• Supplied records:
- Opening Delimiter -

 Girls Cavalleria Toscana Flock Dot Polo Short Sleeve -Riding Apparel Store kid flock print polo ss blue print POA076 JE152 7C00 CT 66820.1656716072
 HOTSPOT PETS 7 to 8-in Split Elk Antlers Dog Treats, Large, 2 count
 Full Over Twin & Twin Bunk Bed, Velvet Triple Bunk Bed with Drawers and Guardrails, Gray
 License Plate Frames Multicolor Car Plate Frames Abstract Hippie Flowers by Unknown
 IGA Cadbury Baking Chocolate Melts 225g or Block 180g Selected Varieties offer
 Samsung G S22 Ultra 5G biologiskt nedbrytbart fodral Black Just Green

- Closing Delimiter -
- Opening Delimiter -

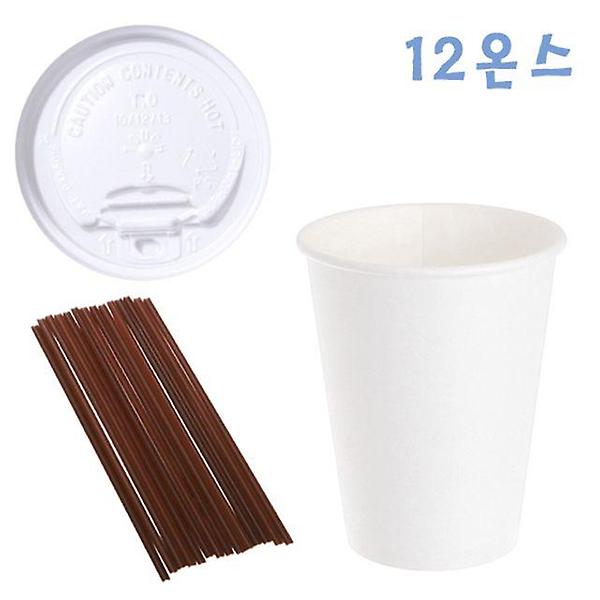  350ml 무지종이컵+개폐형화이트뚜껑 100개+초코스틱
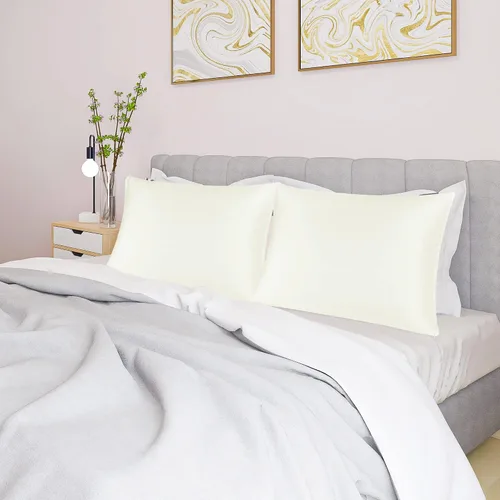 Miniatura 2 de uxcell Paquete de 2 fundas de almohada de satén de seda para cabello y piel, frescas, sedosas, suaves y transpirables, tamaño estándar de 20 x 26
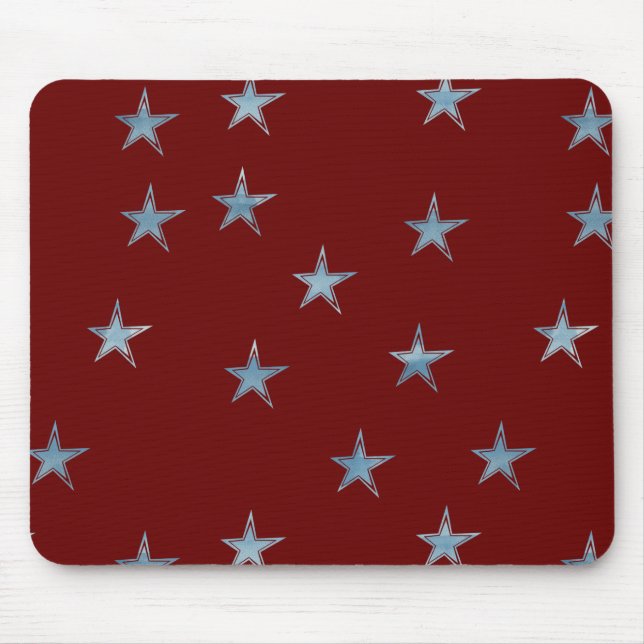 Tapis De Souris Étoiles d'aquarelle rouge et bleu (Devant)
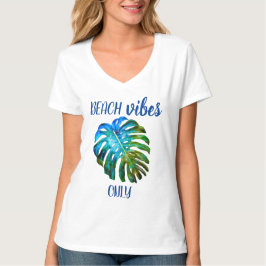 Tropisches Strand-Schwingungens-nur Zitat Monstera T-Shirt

- Closing Delimiter -
- Opening Delimiter -

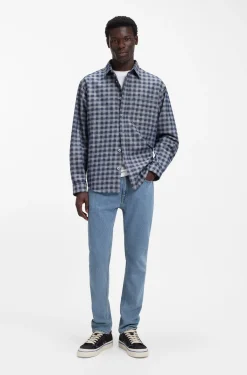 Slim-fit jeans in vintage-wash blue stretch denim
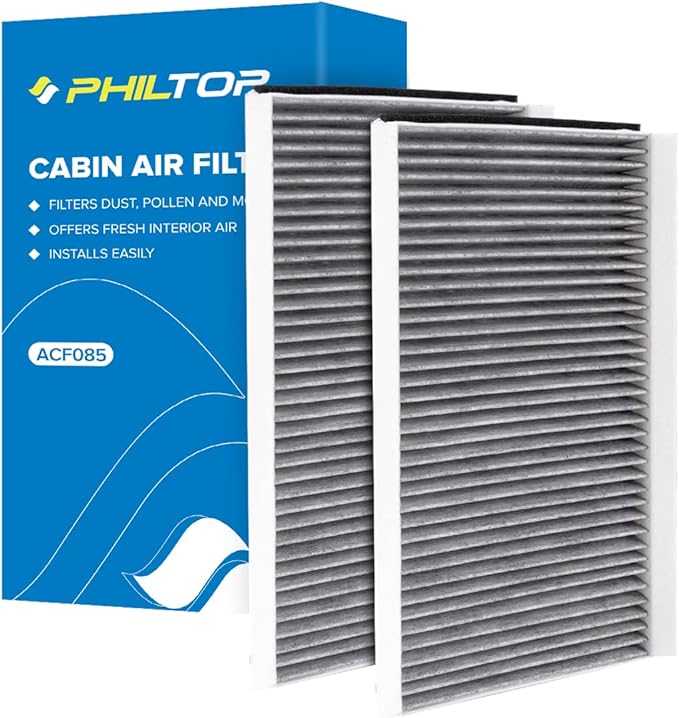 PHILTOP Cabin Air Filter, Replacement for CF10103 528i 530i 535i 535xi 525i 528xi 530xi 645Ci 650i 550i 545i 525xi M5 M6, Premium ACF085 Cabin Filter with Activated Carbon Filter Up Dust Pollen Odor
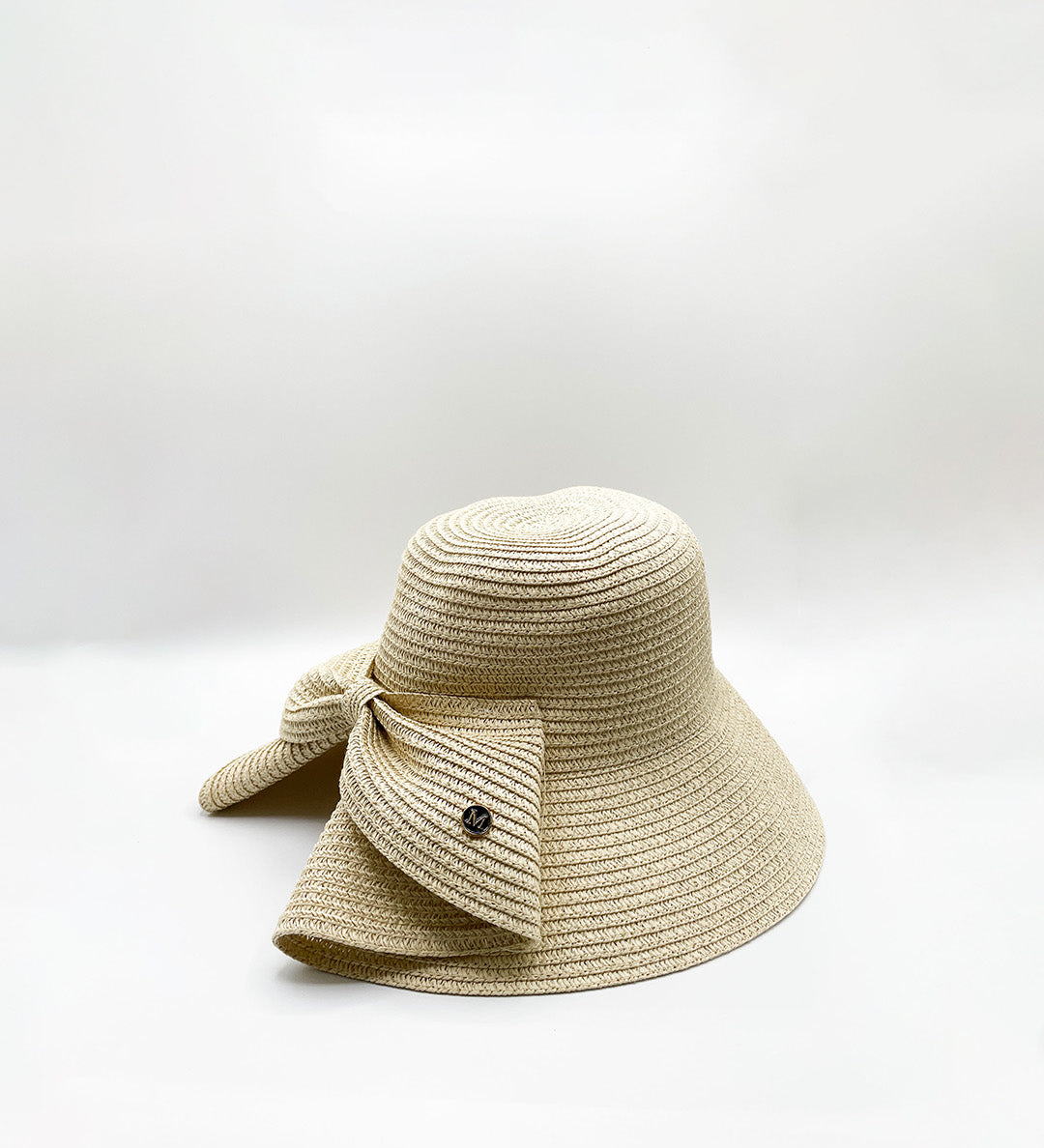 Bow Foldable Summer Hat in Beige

- Closing Delimiter -

• What the task requires:
Every line above from the line with "HOTSPOT PETS 7" to the line with "Samsung G S22", both included, must be reproduced exactly, and no other line may appear.

• Solution to this problem:
 HOTSPOT PETS 7 to 8-in Split Elk Antlers Dog Treats, Large, 2 count
 Full Over Twin & Twin Bunk Bed, Velvet Triple Bunk Bed with Drawers and Guardrails, Gray
 License Plate Frames Multicolor Car Plate Frames Abstract Hippie Flowers by Unknown
 IGA Cadbury Baking Chocolate Melts 225g or Block 180g Selected Varieties offer
 Samsung G S22 Ultra 5G biologiskt nedbrytbart fodral Black Just Green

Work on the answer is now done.